Yes, audits for everyone!
As president of the American Entertainment Armories Association, Bilson is in close contact with the MPAA to carve out exemptions, such as a far shortened waiting period to get ahold of a handgun. “[Armorers] can’t wait 10 days — they need it that day or the very next day on set due to the speed of production,” he says, noting more generally, “There aren’t really rules governing what it is we do. So [legislators] have kind of fit a square peg in a round hole, and we have adapted to it as best as we can.”
So you can’t wait 10 days because you’re on a deadline, but a woman whose boyfriend is stalking her and threatening her life should be made to?
And I don’t believe this dubious claim for a second. They claim to have invented gang bangers acting like idiots by holding their gun sideways:
Sometimes armorers find that their onscreen handiwork worms its way back into real life. John Patteson, a Florida-based armorer (Cape Fear and Bad Boys II), recalls an experience on a 1980s TV show that he will not name in which a director wanted two guys with semiautomatic handguns to fire while standing next to each other.
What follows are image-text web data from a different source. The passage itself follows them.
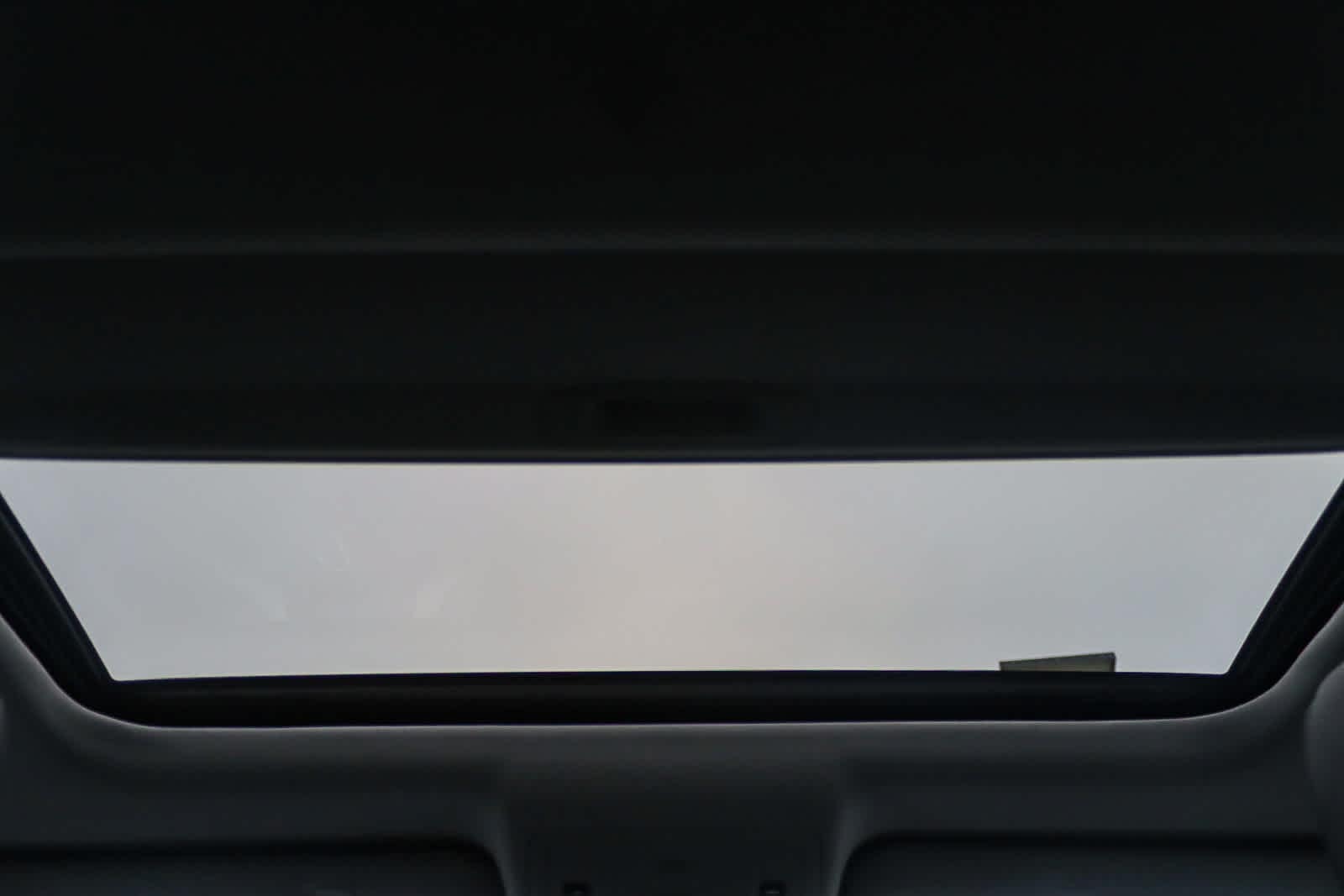 Thumbnail: 2017 Lexus ES - 15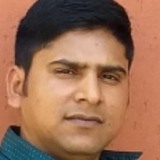 Shoaib from Prato | Man | 36 years old | Capricorn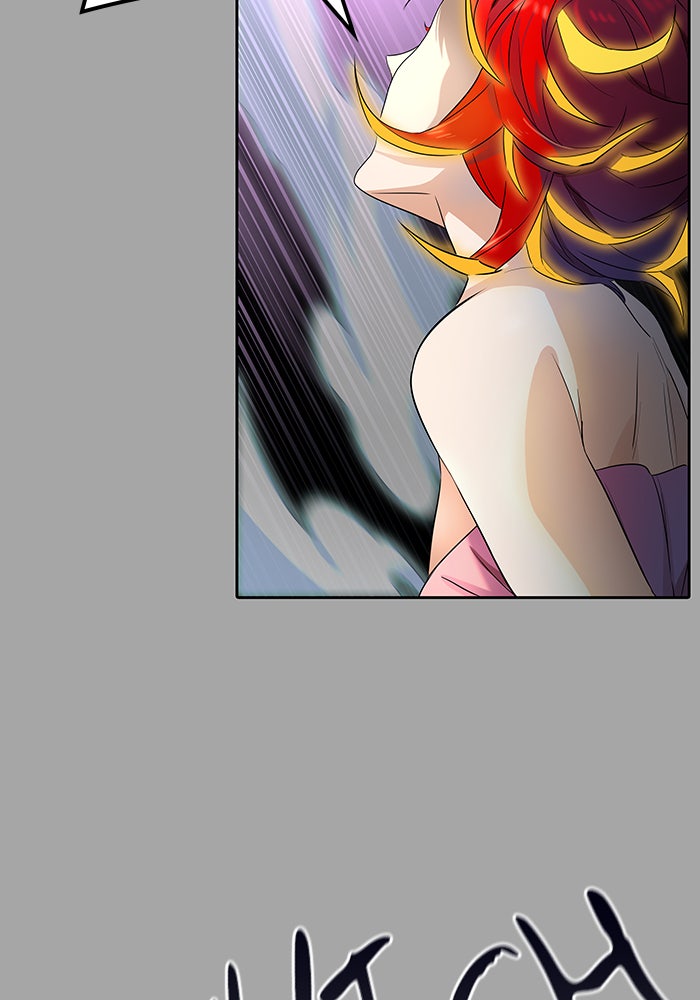 Tower of God Manga Chapter 529 page 70 - [Season 3] Ep. 112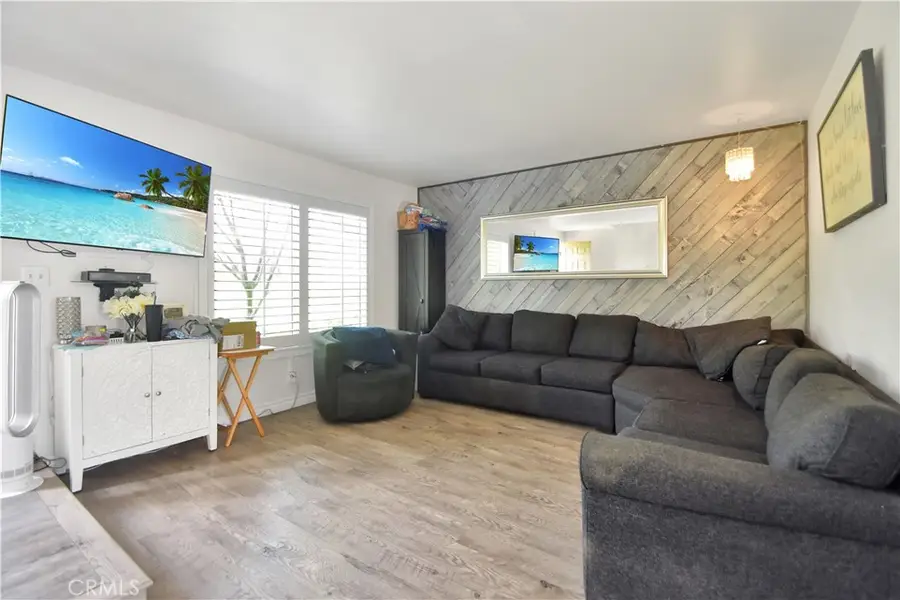 608 Francine Court, La Puente, CA 91746 - #2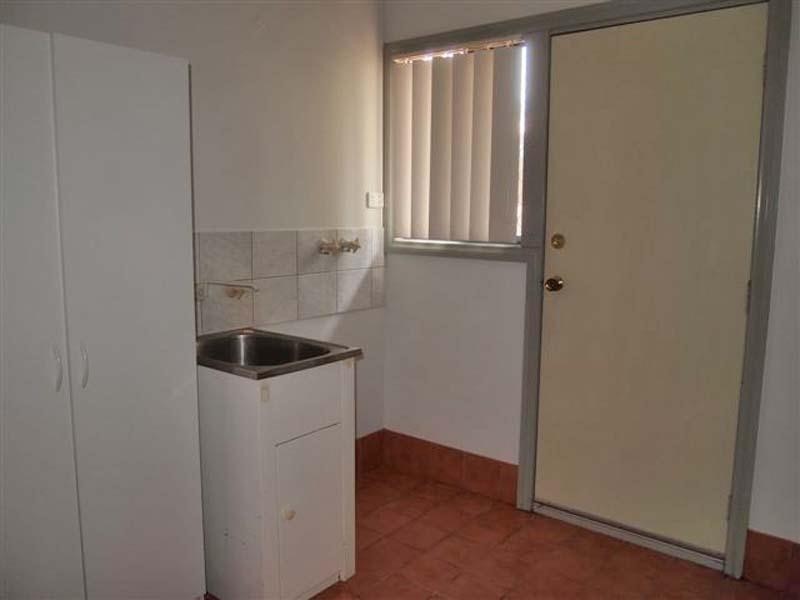 22 Reid Road, Cable Beach WA 6726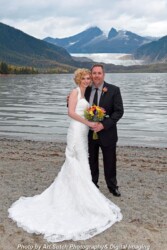 ????????????????????????????????????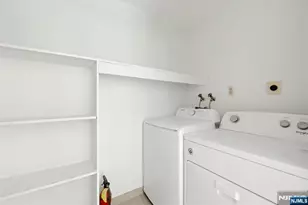 2413 Hammett Ave B, Fort Lee, NJ 07024 - Photo 16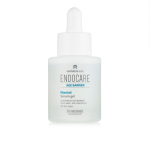 Endocare Age Barrier Niacinal Serum Gel Niisutav geel-seerum 30ml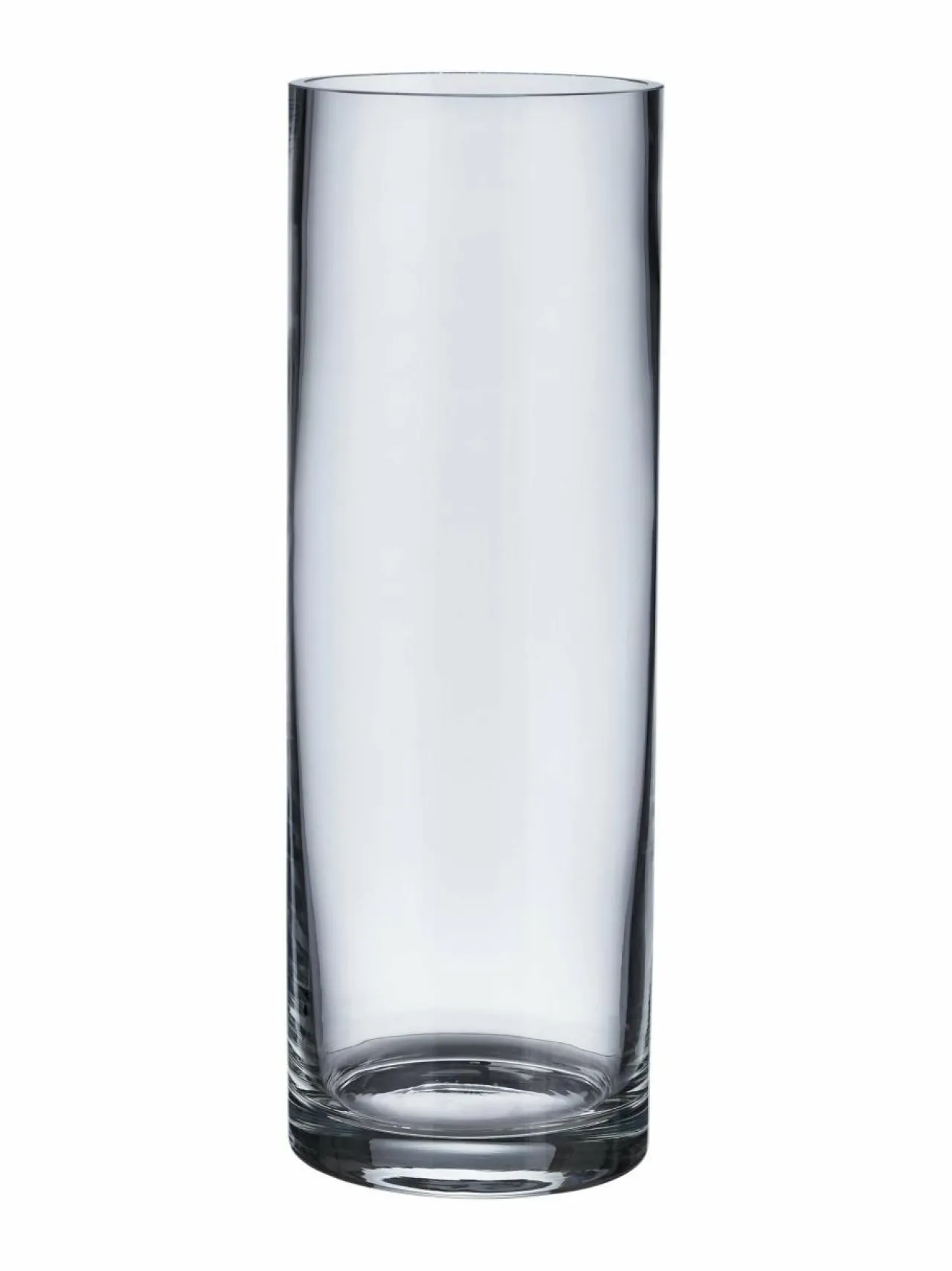 Koriste-Esineet|Casa Stockmann Maljakko 30 cm KIRKAS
Patteson pointed out that the ejected rounds from one gun would hit the second man, at best creating an annoyance and at worst a potential safety hazard. “The director says, ‘How about we ask the left guy to tilt his gun sideways, so brass goes up and arcs away?’ ” Patteson adjusted the scene accordingly, but “next thing you know, I’m seeing guys in 7-Eleven videos holding the guns sideways.”
I’m a natural skeptic, but that smells like bullshit to me.